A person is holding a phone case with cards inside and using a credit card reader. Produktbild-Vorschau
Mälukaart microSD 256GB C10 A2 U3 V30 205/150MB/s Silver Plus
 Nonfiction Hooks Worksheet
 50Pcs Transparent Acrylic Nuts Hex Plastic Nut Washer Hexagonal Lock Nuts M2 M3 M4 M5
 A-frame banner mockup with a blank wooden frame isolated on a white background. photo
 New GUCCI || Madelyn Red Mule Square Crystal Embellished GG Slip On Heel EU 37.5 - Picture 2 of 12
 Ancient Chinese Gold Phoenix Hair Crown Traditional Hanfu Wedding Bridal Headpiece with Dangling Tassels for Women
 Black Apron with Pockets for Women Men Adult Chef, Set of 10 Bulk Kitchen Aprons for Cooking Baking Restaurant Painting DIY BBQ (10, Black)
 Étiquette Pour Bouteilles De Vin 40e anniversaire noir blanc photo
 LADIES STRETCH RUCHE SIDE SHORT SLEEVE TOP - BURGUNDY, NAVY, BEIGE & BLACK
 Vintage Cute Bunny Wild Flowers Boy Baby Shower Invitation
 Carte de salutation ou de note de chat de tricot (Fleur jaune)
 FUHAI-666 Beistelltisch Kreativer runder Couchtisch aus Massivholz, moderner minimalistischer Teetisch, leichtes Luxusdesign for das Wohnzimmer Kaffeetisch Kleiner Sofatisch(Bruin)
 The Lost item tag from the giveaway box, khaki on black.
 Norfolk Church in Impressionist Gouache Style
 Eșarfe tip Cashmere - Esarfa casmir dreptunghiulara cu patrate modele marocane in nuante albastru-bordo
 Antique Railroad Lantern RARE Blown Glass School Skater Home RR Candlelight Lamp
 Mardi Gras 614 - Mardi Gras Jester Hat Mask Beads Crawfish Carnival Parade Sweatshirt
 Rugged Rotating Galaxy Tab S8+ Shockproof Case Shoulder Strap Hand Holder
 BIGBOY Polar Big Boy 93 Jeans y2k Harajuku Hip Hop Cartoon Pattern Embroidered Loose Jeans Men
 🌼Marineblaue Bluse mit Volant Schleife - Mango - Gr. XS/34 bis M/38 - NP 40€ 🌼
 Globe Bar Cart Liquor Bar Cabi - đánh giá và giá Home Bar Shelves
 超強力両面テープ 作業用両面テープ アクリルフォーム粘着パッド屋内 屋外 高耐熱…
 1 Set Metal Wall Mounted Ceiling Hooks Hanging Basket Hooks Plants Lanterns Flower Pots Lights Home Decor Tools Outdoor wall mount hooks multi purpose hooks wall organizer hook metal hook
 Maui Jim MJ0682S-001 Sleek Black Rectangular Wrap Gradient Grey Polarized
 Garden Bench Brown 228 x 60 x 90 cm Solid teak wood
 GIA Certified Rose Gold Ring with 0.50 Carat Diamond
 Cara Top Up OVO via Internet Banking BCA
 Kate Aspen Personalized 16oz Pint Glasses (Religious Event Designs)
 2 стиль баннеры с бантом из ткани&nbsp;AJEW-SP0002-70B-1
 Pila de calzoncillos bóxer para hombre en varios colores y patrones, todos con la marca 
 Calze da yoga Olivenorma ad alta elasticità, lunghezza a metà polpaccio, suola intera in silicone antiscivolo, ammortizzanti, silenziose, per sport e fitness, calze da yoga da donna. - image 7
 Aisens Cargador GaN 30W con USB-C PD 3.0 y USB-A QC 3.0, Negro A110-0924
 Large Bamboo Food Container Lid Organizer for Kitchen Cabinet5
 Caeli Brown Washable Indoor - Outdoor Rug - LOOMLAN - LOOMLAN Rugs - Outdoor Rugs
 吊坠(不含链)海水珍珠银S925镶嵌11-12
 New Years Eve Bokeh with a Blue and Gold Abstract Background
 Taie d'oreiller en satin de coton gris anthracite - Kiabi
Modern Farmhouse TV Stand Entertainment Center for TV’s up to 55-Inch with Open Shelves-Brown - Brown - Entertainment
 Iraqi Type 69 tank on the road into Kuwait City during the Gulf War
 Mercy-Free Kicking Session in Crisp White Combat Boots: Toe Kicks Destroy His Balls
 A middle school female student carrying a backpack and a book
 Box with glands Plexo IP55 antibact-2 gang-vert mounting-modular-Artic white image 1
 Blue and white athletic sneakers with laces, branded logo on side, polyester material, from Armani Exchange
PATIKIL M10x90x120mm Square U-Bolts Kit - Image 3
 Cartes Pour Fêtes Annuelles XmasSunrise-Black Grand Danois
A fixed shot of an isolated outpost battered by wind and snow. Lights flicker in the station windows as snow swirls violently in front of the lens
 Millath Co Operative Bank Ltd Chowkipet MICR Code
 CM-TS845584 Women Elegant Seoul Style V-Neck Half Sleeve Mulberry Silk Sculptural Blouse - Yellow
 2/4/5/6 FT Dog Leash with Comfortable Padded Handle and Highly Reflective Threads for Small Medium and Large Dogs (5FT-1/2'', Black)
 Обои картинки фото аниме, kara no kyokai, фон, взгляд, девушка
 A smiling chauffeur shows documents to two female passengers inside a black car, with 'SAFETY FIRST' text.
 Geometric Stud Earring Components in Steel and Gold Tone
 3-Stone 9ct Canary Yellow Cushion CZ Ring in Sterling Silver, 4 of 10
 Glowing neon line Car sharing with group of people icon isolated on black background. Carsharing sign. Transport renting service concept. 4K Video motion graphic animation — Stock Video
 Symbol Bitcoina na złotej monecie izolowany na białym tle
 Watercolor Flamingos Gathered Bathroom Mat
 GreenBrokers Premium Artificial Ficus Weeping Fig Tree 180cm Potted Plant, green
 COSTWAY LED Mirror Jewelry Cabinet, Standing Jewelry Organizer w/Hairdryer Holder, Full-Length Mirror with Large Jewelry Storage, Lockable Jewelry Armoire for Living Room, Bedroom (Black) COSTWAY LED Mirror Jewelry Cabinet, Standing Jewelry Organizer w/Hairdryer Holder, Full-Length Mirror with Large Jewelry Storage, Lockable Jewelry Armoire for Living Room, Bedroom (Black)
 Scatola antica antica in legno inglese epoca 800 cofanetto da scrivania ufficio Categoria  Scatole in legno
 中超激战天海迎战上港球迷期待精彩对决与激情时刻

### What the exercise asks
Repeat, character for character, the lines of the material above from the line with "A middle school" through the line with "A smiling chauffeur".

### Your response
 A middle school female student carrying a backpack and a book
 Box with glands Plexo IP55 antibact-2 gang-vert mounting-modular-Artic white image 1
 Blue and white athletic sneakers with laces, branded logo on side, polyester material, from Armani Exchange
PATIKIL M10x90x120mm Square U-Bolts Kit - Image 3
 Cartes Pour Fêtes Annuelles XmasSunrise-Black Grand Danois
A fixed shot of an isolated outpost battered by wind and snow. Lights flicker in the station windows as snow swirls violently in front of the lens
 Millath Co Operative Bank Ltd Chowkipet MICR Code
 CM-TS845584 Women Elegant Seoul Style V-Neck Half Sleeve Mulberry Silk Sculptural Blouse - Yellow
 2/4/5/6 FT Dog Leash with Comfortable Padded Handle and Highly Reflective Threads for Small Medium and Large Dogs (5FT-1/2'', Black)
 Обои картинки фото аниме, kara no kyokai, фон, взгляд, девушка
 A smiling chauffeur shows documents to two female passengers inside a black car, with 'SAFETY FIRST' text.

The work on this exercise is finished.